Oh, TikTok. Some days we love you, and some days we want to delete you from our phones forever. There are times when we truly can't imagine living without you — I mean, you have taught us about some of our favourite skin-care trends, like "skin cycling," "streaming," and even "skin flooding." However, you've also taught us plenty of things that are better left forgotten — like using hemorrhoid cream to get rid of under-eye bags and slathering on calamine lotion as a makeup primer. The app's latest claim? Rubbing banana peels all over your face can get rid of wrinkles and replace the need for neurotoxins like Botox. Sounds wild, right? While initially we weren't convinced, the number of people on the platform claiming it really works gave us pause for thought.
To settle the debate once and for all, ahead, we speak with skin-care experts Kunal Malik, MD, board-certified general and cosmetic dermatologist, Greeta Yadav, MD, board-certified dermatologist and founder of FACET Dermatology, and Nina Sedighi, PA-C, to pick their brains about whether or not using banana peels on your face is beneficial.
The Benefits of Using Banana Peels on Your Skin
Put simply: yes, there are some benefits to rubbing banana peels on your skin — but TikTok doesn't have it completely right. "There are no concrete, scientific studies supporting the use of banana peels on the face or skin in general," Dr. Malik tells POPSUGAR. "We do know that banana peels contain many bioactive compounds including antioxidants such as ascorbic acid, carotene, and cyanidin, and antioxidants protect the skin from inflammatory activity and damage."
Additionally, Dr. Malik adds, "Banana peels additionally are rich in tannins and vitamin A, which is found in retinols and retinoids, and both of these compounds can be helpful for toning and tightening the skin."
However, despite being packed with these good-for-you ingredients, Dr. Malik says that it's unlikely they'll do anything when used in this form. "The reality is that the skin-beneficial compounds found in [banana peels] are likely not being absorbed by the skin at the molecular level, and any topical benefits, if at all, would be short-lived and temporary. You're better off eating bananas than putting them on your skin."
Are Banana Peels Safe For Your Skin?
If you want to go ahead and try rubbing banana peels all over your face in hopes that it might reduce wrinkles, experts say you can totally go for it — with one caveat. "There's nothing hazardous about using banana peels on your face," Dr. Yadav says. "Unlike the lemon skin-brightening 'hack,' banana peels are not acidic and are non-irritating."
It should go without saying that anyone with a known banana allergy should avoid doing this. "Allergic reactions to banana peels will counterproductively produce inflammation, which can then lead to stubborn hyperpigmentation that can be difficult to treat," Dr.

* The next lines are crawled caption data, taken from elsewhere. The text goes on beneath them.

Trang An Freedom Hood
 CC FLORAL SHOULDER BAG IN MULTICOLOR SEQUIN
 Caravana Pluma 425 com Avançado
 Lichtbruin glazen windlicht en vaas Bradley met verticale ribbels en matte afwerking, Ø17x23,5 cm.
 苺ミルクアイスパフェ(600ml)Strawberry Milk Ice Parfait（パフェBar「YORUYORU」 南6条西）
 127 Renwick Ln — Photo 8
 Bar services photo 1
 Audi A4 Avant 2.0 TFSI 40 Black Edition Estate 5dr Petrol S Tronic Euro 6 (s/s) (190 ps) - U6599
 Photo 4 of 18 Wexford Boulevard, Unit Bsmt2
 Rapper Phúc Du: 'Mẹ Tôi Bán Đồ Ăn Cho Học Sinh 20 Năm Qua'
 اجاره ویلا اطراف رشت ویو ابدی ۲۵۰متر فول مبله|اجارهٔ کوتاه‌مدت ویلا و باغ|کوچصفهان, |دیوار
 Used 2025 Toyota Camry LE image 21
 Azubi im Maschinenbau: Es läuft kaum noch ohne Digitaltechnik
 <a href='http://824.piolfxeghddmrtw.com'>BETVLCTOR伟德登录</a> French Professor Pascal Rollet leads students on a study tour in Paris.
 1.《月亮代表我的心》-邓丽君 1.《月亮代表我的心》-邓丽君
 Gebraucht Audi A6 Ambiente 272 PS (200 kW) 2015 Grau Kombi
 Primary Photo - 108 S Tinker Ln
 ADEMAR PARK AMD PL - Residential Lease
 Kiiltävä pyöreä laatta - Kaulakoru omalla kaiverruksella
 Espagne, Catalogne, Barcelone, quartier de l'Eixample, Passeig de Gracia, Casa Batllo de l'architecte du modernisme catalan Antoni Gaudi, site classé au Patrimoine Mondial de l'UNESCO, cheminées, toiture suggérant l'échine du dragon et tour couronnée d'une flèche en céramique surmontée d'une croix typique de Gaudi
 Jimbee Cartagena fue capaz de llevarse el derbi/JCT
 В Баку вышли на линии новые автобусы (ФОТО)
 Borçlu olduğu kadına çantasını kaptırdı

Malik says.
Can Using Banana Peels on Your Face Replace Neurotoxins?
The short answer? No. "Any topical ingredient, especially banana peels, are unlikely to have a comparable wrinkle-reducing impact to a neurotoxin such as botox," Dr. Malik says.
Dr. Yadav agrees, adding, "While topical products help reduce the look of wrinkles on the surface, neurotoxins like Botox prevent the muscles underneath the skin from contracting and creating those wrinkles in the first place."
Proven Wrinkle Treatments to Try Instead
"Botox is the most effective treatment for wrinkles," says Nina Sedighi, PA-C. "The results generally last three to four months, and it's also a preventative treatment because it works by tackling the causes of wrinkles, which is facial muscle activity."
In addition to using neurotoxins to treat wrinkles, both Dr. Malik and Dr. Yadav say that they recommend a skin-care regimen that includes vitamin C, retinoids, and sunscreen. "Retinoids are the only class of ingredients clinically proven to reverse the signs of ageing by promoting new collagen and stimulating cellular turnover," Dr. Yadav says. "Vitamin C also triggers new collagen production while protecting skin against damageing free radicals, and sunscreen is critical for defending your skin against UV damage."
Can Eating Bananas Impact Your Skin?
If you're dead set on using bananas in your routine, Dr. Malik and Dr. Yadav both agree that consuming them might be a better option. "Bananas are a valuable part of a balanced diet," Dr. Yadav says. "They're naturally rich in potassium, which helps balance your body's hydration, and hydrated skin glows and looks healthier than dehydrated skin."